COVID-19: Respiratory Distress and the Overactive Immune Response
By Rowena Johnston, Ph.D.
amfAR’s Dr. Jeffrey Laurence publishes findings that could point the way to therapeutic interventions
Dr. Jeffrey Laurence is amfAR’s senior scientific consultant.One of the hallmark features of COVID-19 is shortness of breath that can become life-threatening. Until recently, it was thought that this respiratory distress was similar to classic acute respiratory distress syndrome, or ARDS, which can occur in pneumonia or after traumatic lung injury.
However, doctors noted that the respiratory distress seen in COVID-19 differs from classic ARDS in at least one important respect, namely that the lungs of COVID patients can still expand and contract the way healthy lungs do. The shortness of breath in COVID is due to the air sacs of the lungs becoming filled with fluid and dead cells. Therefore, the pathology in the lungs of COVID-19 patients was likely to differ substantially from that seen in other types of ARDS, including the original SARS epidemic.

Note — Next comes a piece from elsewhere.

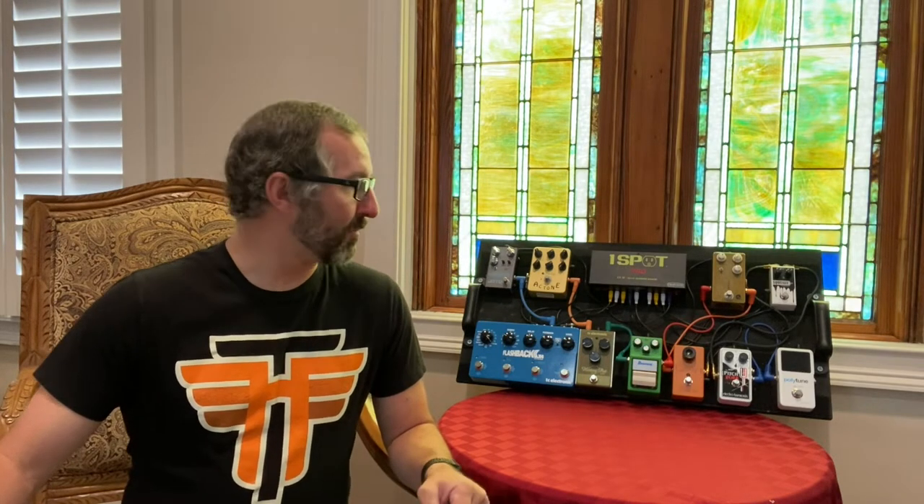Hello and welcome to what's on my pedal board. This is how I use my current setup. I'll explain it, go through the pedals, do a little demo of them, and give some general information.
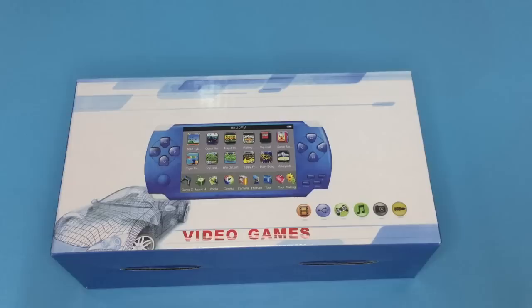Hi guys, today I'm going to review another 32-bit handheld game console.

amfAR’s senior scientific consultant for programs, Dr. Jeffrey Laurence, working with colleagues, was one of the first to describe this difference, and then to define the underlying immune mechanisms of the phenomenon. They discovered a strikingly high level of a complement—a set of proteins that facilitate clearance of infections—in small blood vessels.
More specifically, they identified a precise collection of complement and associated proteins that appear to play an important role in the overactive immune response that characterizes the severe manifestations of COVID-19. These findings point the way to potential therapeutic interventions to help prevent mortality in COVID-19.
The research was published in the April 15 issue of Translational Research and was featured in a news story in the prestigious journal Nature.
Dr. Johnston is vice president and director of research at amfAR.